The move away from Jimmy’s timeline already happened. 

Look at the age of the core players on the roster: Adebayo (26), Tyler Herro (24), Jaquez (23), Jovic (20), Duncan Robinson (30) and Terry Rozier (30). 

Acquiring Rozier could be viewed as a hedge between the Jimmy and Bam timelines, but consider that they traded Butler’s best friend, Kyle Lowry, and got eight years younger at the position, and that was a youth-related move just as much as it was a talent upgrade.

It’s also why the Heat were reluctant to part with all of their assets in a deal for 33-year-old Damian Lillard.

The last time the Heat operated with Butler’s timeline as the priority was in the summer of 2021, when they traded for Lowry and signed PJ Tucker. 

(Quick aside: That 2021-22 season, for my money, Miami’s best chance at winning a championship even though they missed making the Finals by a shot. They were the No. 1 seed, Butler was at the peak of his powers, Tyler Herro was coming off the bench, Tucker and Lowry rounded out the roster and had good seasons. They had the physicality and gumption to push the Warriors in the 2022 Finals.)

Since then, the Heat have been reluctant to part with draft picks and the roster has only gotten younger.

No matter what happens with Butler’s extension, he will only have two or three years left on his contract and will be either 36 or 37 when it expires. Adebayo is entering his prime, has been named the team captain and is the player other stars in the NBA want to play with. 

The Heat are already operating on Bam’s timeline. Any additions they make will be geared toward maximizing his, not Butler’s. If there’s a deal does both, even better.

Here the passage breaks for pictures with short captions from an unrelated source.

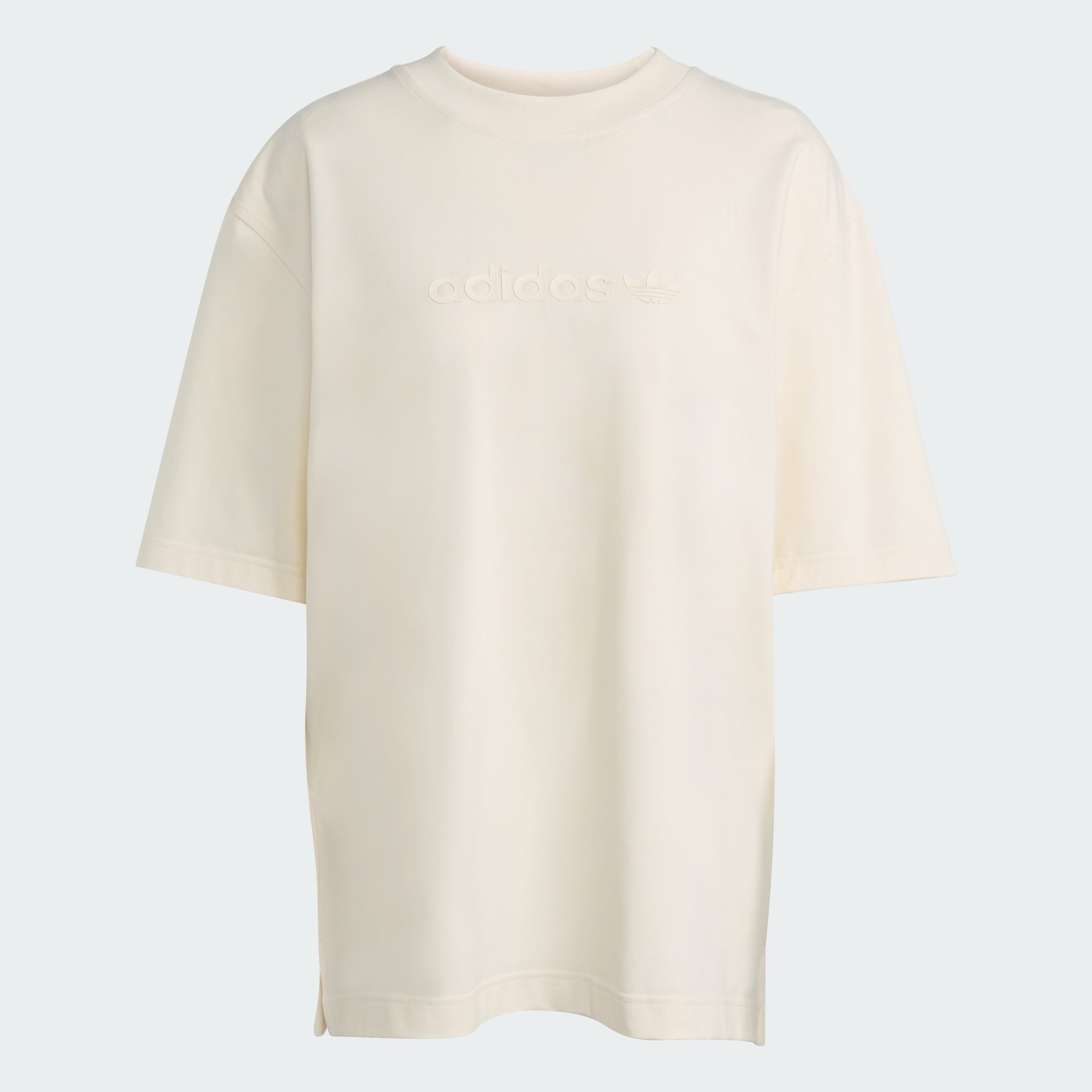 Essentials Linear Tee Oversized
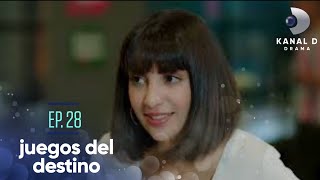 Juegos del destino Ep 28  Avance Exclusivo  Kanal D Drama [upl. by Berget]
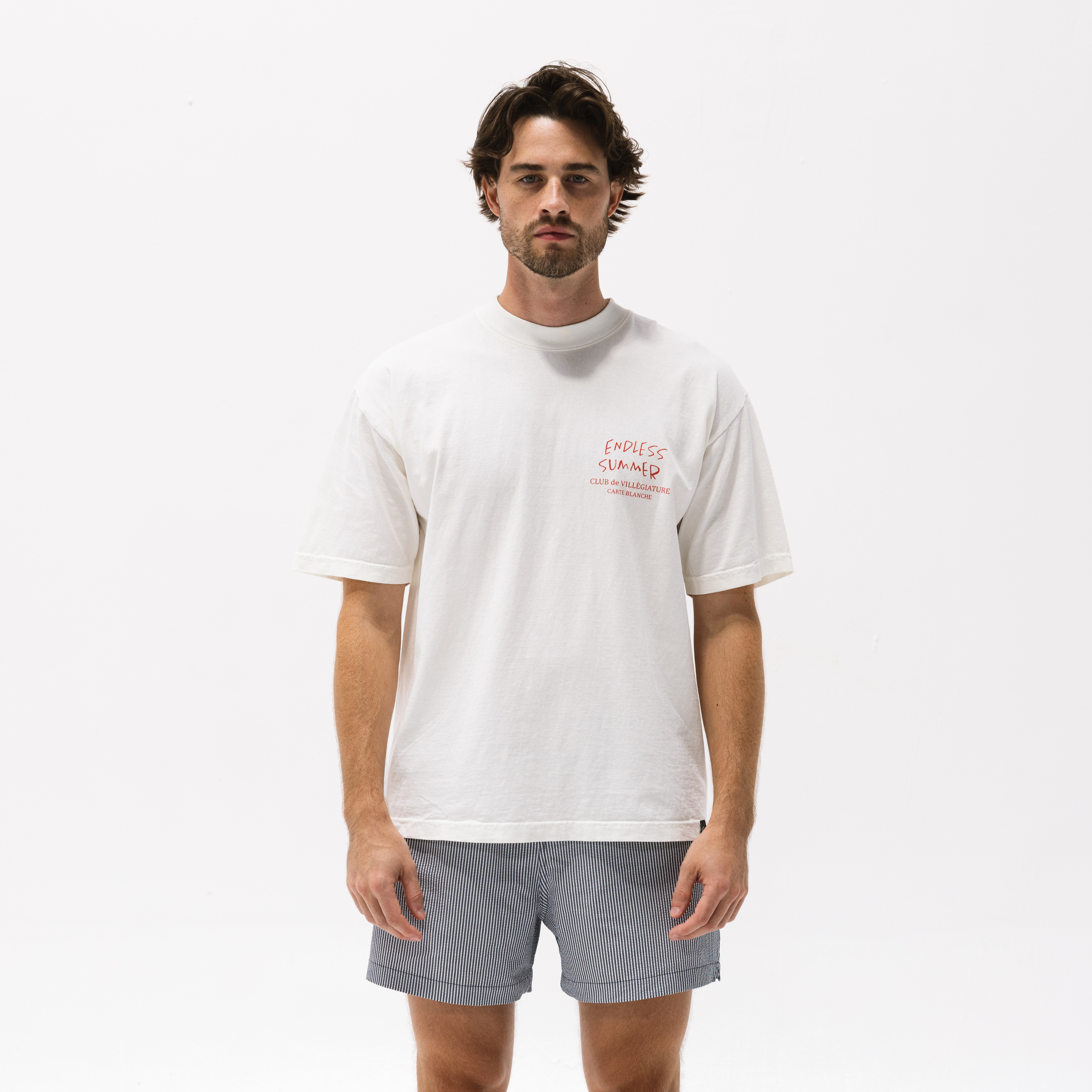 Endless Summer Tee // Off-White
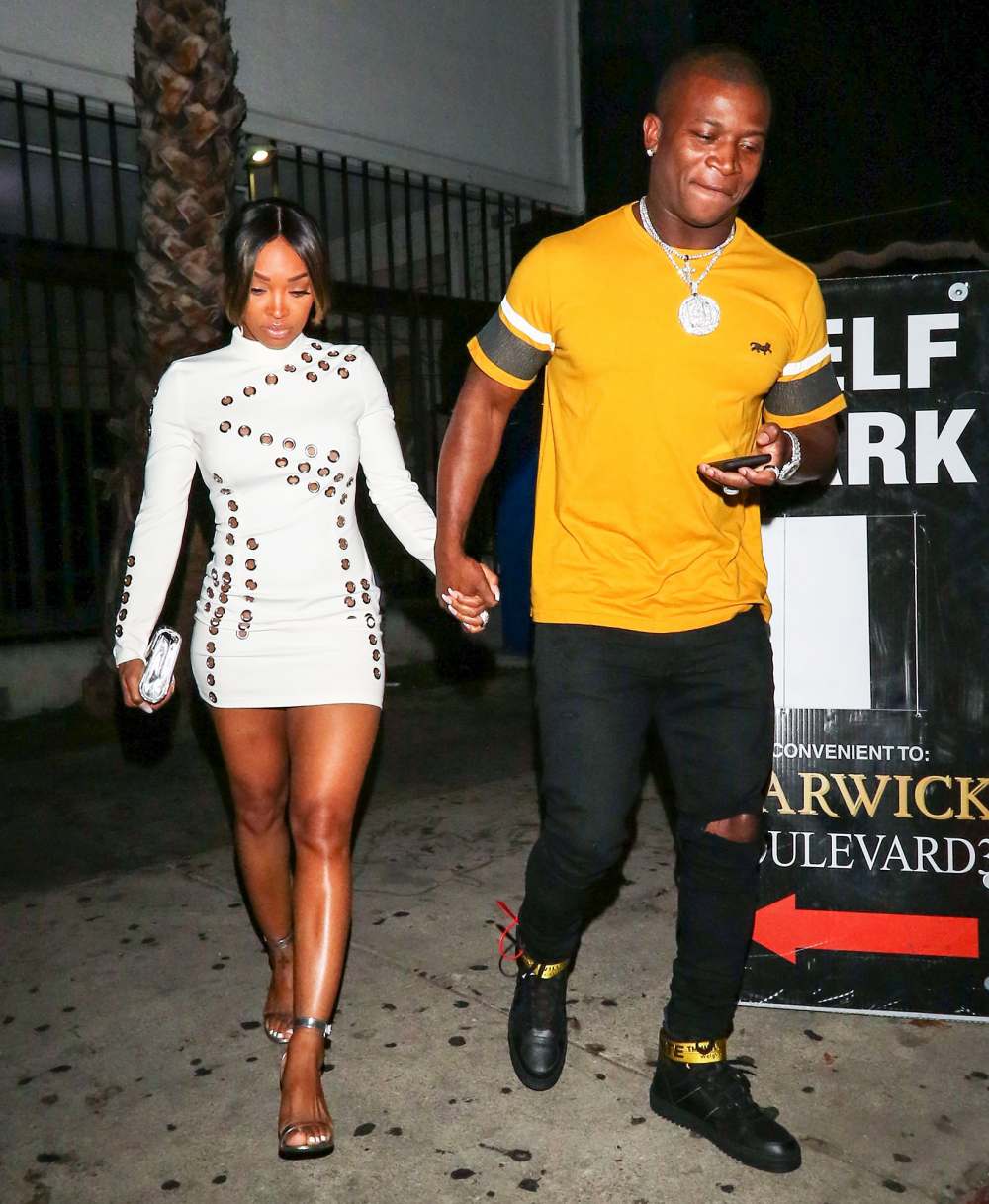 Malika Haqq and O.T. Genasis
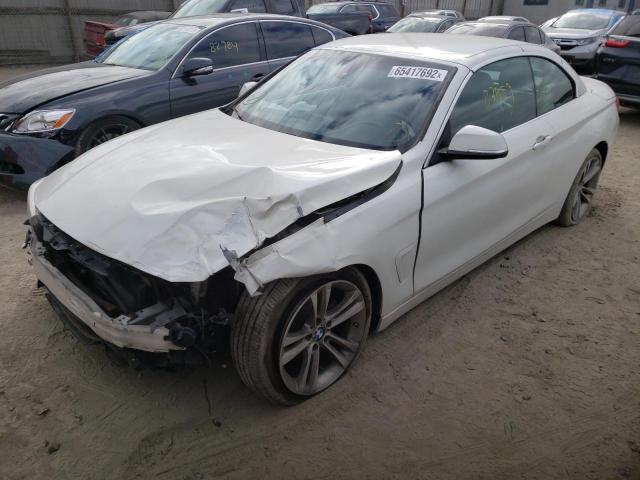 Photo 1 VIN: WBA4Z1C54JEC59681 - BMW 430I 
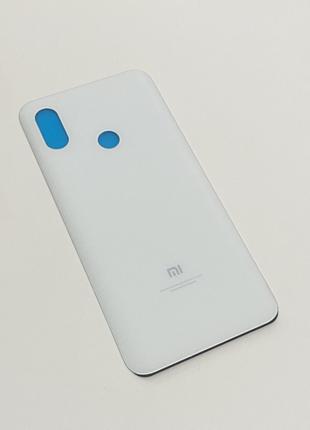 Задняя крышка Xiaomi Mi 8, цвет - Белый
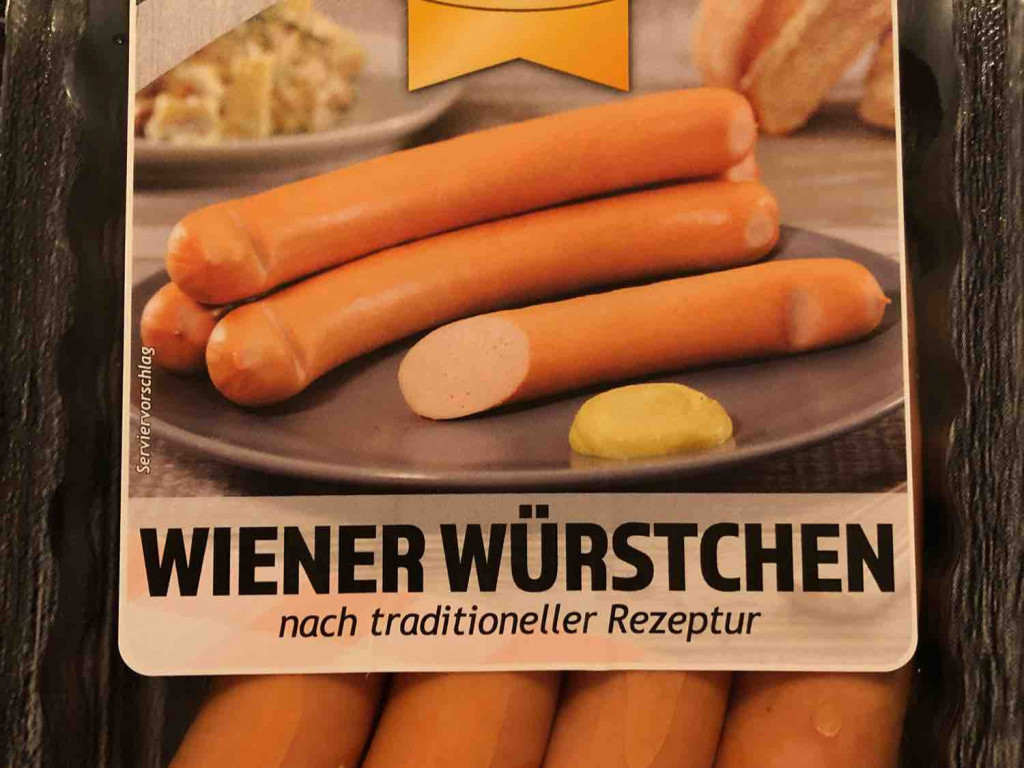 Kunzler Wiener Würstchen nach traditioneller Rezeptur von Philip | Hochgeladen von: PhilippKorporal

I don’t know what’s going to happen but here’s what I struggle with: How do we get from here to a point where the Heat and Butler are happy?

First, from the Heat’s perspective.

  • Pat Riley has already indicated that the Heat don’t want to give Butler a maximum extension given his lack of availability. Even if Butler and his agent Bernie Lee promise Butler will be more available, well, Riley revealed they had that conversation last summer and it didn’t happen.
  • Miami’s preference, it seems, would be for Butler to play out the remaining two years of his contract ($48.8 million this coming season and a $52.4 million player option for the following season).
  • Maybe they would be willing to extend Butler, but not to the maximum two-year, $113 million.
  • The Heat also know, despite what they have said publicly, that they need to upgrade the roster. They have tried to make major upgrades each of the past three summers and will try again.
  • But trading Herro, young players and picks hasn’t been able to get them that star player yet. So what reason do they have to believe that package can work this summer? Still, they’ll try.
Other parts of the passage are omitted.